Prompt:
Each line from the first down to the one containing "Garlic Bihon Recipe Garlic Bihon Recipe" should be returned exactly as it appears below.

******************************

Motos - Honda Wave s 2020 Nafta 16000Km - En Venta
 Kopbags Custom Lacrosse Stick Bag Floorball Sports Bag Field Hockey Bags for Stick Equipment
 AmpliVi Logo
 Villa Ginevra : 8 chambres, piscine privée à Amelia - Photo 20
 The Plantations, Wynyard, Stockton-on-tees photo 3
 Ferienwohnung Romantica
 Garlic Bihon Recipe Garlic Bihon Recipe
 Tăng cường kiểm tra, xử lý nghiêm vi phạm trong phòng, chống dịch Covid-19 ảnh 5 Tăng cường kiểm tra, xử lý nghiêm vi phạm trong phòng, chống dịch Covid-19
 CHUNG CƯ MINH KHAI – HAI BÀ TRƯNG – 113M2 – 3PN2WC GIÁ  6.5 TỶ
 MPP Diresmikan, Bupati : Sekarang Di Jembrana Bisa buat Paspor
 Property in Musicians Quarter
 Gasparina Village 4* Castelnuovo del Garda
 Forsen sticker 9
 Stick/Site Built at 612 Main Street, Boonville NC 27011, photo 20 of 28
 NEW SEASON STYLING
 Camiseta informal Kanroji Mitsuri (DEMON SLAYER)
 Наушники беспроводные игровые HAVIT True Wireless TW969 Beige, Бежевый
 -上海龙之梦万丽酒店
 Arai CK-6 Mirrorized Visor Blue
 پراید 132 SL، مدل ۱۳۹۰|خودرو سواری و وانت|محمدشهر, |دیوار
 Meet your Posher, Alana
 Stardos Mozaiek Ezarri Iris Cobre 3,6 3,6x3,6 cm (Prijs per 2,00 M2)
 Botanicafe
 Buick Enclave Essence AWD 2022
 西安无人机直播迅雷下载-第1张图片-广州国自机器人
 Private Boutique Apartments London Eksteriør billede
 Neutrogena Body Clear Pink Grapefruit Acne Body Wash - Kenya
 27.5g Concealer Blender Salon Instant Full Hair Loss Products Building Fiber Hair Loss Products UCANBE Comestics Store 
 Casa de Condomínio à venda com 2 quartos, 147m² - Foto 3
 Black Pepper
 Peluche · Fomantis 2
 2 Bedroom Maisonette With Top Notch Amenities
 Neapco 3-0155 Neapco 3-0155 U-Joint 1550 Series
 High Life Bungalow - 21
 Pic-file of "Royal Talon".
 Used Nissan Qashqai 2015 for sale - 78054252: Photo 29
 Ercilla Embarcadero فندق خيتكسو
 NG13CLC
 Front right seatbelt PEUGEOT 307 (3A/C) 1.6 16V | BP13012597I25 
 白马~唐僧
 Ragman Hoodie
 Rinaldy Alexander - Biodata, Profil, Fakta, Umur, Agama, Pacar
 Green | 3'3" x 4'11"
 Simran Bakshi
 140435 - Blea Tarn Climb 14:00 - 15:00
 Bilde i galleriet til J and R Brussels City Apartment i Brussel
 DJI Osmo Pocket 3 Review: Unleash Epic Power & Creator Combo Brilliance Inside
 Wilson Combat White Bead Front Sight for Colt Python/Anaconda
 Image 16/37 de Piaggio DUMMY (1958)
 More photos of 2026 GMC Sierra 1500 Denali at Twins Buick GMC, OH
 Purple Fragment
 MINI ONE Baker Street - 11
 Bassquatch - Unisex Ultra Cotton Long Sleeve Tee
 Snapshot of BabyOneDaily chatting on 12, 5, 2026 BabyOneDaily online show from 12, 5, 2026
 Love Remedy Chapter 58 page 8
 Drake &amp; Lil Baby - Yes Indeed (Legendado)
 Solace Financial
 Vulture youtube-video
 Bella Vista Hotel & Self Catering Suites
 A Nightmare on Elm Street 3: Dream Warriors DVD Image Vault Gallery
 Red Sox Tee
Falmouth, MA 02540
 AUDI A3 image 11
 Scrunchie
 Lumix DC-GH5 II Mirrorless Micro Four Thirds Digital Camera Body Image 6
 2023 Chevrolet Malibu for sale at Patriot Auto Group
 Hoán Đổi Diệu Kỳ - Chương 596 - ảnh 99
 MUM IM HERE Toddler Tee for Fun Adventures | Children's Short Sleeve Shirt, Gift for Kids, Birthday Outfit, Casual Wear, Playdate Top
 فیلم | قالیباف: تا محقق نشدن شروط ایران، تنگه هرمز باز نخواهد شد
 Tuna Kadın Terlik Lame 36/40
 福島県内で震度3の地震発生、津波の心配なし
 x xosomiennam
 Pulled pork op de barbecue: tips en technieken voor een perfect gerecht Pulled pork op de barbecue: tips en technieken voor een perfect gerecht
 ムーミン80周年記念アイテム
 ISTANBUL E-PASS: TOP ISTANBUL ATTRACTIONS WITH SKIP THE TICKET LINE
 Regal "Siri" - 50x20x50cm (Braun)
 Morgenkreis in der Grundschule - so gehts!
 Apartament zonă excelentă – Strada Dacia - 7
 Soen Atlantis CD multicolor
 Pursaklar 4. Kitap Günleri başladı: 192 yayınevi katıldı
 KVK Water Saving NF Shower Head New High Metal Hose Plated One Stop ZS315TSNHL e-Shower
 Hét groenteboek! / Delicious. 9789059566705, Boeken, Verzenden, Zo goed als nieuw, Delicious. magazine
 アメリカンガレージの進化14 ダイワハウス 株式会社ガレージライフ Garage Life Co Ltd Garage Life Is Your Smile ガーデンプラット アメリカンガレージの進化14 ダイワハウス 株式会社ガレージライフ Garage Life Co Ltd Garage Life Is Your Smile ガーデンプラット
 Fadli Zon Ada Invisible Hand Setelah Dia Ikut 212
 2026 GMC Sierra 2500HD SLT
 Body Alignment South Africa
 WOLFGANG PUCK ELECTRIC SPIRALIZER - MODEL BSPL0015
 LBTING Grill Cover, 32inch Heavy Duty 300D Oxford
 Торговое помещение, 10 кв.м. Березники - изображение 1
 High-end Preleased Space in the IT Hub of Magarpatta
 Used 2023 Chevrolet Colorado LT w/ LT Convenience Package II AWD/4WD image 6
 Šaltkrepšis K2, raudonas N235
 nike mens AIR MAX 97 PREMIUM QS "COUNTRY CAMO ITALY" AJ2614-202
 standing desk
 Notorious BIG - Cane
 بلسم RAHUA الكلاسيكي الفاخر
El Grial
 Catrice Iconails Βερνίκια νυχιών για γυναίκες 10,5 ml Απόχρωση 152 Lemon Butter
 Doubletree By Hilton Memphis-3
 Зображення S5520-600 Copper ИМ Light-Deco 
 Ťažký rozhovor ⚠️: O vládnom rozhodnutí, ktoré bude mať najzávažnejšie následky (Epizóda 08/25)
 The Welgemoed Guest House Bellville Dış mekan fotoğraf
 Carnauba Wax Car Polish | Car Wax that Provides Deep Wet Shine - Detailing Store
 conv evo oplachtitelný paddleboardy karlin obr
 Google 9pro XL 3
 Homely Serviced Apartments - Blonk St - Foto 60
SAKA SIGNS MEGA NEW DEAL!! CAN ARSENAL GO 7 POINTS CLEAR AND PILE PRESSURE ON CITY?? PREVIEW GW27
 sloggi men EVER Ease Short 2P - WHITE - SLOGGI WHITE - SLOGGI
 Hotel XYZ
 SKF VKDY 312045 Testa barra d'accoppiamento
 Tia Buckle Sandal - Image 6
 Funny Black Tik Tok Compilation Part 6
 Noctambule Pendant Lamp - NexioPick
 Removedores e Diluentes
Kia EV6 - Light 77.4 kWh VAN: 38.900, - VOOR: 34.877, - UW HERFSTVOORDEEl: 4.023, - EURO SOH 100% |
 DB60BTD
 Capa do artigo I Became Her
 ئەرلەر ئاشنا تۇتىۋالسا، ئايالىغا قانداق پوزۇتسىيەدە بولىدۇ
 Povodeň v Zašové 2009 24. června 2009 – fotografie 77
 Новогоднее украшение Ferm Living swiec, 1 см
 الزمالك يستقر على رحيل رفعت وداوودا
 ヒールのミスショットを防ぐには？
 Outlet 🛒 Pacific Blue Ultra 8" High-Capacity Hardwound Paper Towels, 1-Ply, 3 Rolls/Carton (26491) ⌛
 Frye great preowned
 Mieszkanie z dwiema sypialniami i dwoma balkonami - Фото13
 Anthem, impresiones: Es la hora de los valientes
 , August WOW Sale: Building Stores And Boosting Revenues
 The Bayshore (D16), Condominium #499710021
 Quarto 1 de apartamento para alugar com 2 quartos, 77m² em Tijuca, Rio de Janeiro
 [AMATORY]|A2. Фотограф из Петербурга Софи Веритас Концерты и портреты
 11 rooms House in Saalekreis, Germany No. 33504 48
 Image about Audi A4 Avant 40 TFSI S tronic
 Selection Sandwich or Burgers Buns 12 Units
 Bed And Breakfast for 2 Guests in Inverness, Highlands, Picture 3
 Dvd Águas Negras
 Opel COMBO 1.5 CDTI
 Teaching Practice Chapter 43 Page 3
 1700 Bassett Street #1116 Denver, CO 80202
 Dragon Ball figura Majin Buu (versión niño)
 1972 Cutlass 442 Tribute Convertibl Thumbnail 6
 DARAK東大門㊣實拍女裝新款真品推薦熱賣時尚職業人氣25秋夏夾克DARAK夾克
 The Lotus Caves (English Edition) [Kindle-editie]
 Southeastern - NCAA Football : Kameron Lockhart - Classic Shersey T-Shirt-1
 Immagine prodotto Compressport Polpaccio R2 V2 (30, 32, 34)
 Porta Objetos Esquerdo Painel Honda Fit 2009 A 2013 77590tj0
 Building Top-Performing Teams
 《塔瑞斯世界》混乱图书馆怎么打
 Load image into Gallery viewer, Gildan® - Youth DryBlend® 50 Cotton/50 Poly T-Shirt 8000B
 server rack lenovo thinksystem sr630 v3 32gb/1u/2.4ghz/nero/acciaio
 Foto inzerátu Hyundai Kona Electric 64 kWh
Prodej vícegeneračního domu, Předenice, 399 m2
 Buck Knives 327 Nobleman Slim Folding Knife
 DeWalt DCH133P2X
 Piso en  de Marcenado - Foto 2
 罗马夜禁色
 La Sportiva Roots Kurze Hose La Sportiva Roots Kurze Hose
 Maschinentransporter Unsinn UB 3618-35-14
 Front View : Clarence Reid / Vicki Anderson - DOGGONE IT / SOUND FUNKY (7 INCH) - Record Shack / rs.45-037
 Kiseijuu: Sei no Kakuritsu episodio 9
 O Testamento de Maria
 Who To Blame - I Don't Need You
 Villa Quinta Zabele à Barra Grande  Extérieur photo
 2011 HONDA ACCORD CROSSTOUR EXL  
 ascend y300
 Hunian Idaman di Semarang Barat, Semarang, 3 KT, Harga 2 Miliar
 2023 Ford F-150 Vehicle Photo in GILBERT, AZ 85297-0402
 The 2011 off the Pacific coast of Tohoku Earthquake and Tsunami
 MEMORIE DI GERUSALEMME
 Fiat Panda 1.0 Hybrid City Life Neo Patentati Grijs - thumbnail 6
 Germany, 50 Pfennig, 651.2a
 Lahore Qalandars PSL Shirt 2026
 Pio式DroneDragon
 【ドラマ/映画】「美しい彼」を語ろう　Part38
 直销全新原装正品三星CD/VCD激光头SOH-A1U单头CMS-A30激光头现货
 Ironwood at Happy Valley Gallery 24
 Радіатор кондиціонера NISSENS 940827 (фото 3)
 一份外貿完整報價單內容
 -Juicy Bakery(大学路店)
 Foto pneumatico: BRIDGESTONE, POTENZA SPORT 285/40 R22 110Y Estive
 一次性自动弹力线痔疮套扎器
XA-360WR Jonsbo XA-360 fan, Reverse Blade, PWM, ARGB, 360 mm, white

******************************

Output for this exercise:
Motos - Honda Wave s 2020 Nafta 16000Km - En Venta
 Kopbags Custom Lacrosse Stick Bag Floorball Sports Bag Field Hockey Bags for Stick Equipment
 AmpliVi Logo
 Villa Ginevra : 8 chambres, piscine privée à Amelia - Photo 20
 The Plantations, Wynyard, Stockton-on-tees photo 3
 Ferienwohnung Romantica
 Garlic Bihon Recipe Garlic Bihon Recipe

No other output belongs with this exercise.